Poi l’elaborazione, la presa di coscienza, l’adattamento, i primi passi verso il recupero di punti fermi esistenziali, la voglia di riprendere in mano i nostri giorni, le nostre cose. Che però non sempre erano lì dove le avevamo lasciate.
Giugno lo ricorderemo per l’impegno quasi quotidiano, per le riunioni zoom, per le telefonate urbi et orbi, alla ricerca di soluzioni per tornare a far giocare i nostri soci. Lo ricorderemo per la parziale riapertura della sede del San Giuseppe al Trionfale, in cui siamo riusciti a rimettere insieme otto bambini delle elementari, rigorosamente distanziati e all’aperto per un’oretta di ginnastica. Da farsi scendere la lacrima. Per la ripresa dell’attività a Latina e a Valmontone, dove ci siamo fatti carico di far riprendere gli allenamenti agonistici, macinando chilometri come commessi viaggiatori.
Lo ricorderemo per il diniego dei Consigli d’Istituto delle scuole dove risiedono le nostre palestre di Vigna Murata. Un processo con relativa condanna senza neanche la possibilità di intervenire, di spiegare, di tranquillizzare: Luglio e Agosto nisba. Hanno fatto tutto da soli.
Un sistema fallimentare nel quale abbiamo le nostre colpe, sul quale ci siamo adagiati per decenni sottovalutando la cupa minaccia rappresentata dalla possibilità di una decisione unilaterale, senza appello, che per contratto sottoscriviamo ogni volta che un bando ci concede graziosamente l’uso dell’impiantistica scolastica. Che, per inciso, ci costa quasi 10mila Euro l’anno. A patto che ci mostriamo disposti a far su la nostra valigia di cartone, baracca e burattini, se alla scuola punge il desiderio di utilizzare la palestra per altri scopi. Qualsiasi scopo, e questo è un brutto precedente.
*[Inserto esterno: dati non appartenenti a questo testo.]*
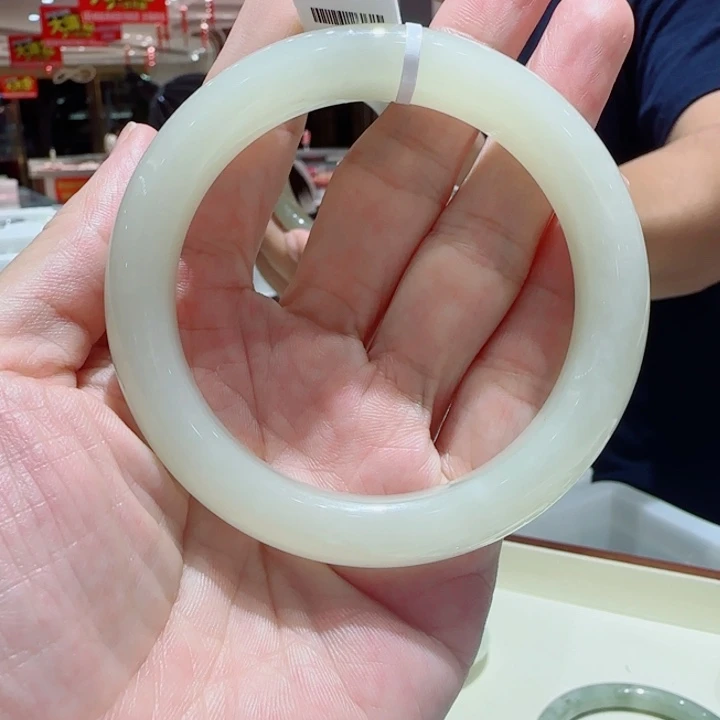 未镶嵌手镯和田玉824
Ovvio, la partita è appena iniziata e non abbiamo nessuna intenzione di perderla: stiamo già combattendo per Settembre e stiamo vagliando tutte le opzioni possibili, anche onerose, per rimettere in fila i nostri tavoli.
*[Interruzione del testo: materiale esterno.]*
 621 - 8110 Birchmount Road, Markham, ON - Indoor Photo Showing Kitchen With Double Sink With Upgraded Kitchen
Intanto abbiamo trovato, per Luglio e Agosto, la possibilità per tutti di riprendere in mano la racchetta: un accordo con Futura94 di Ciampino ci permetterà di mettere a disposizione di tutti i nostri soci, per tre giornate la settimana, tre turni dalle 18:00 alle 23:00, naturalmente previa prenotazione e a piccoli gruppi contingentati. Ci saranno, proprio alle spalle dell’Aeroporto, allenamenti, gioco libero, e se ci saranno adesioni riprenderemo i corsi per ragazzi e adulti.
Inoltre, per chi avesse difficoltà a raggiungere Ciampino, possiamo disporre parzialmente degli spazi nell’Oratorio di San Giuseppe al Trionfale e nella palestra Gym Center, entrambi nell’area Prati/Trionfale.

Per l’occasione apriremo ai commenti la chat WhatsApp comune a tutti, “Comunicati 2019/2020”, oltre a un giro di telefonate a cura di Fabio Angiolella e Andrea Pizzi.

Noi non vediamo l’ora di rivedervi all’opera, fateci sapere come e quando, e se avete qualche problema logistico o di qualsiasi natura da risolvere parliamone: cercheremo in tutti modi di aiutarvi a superarlo.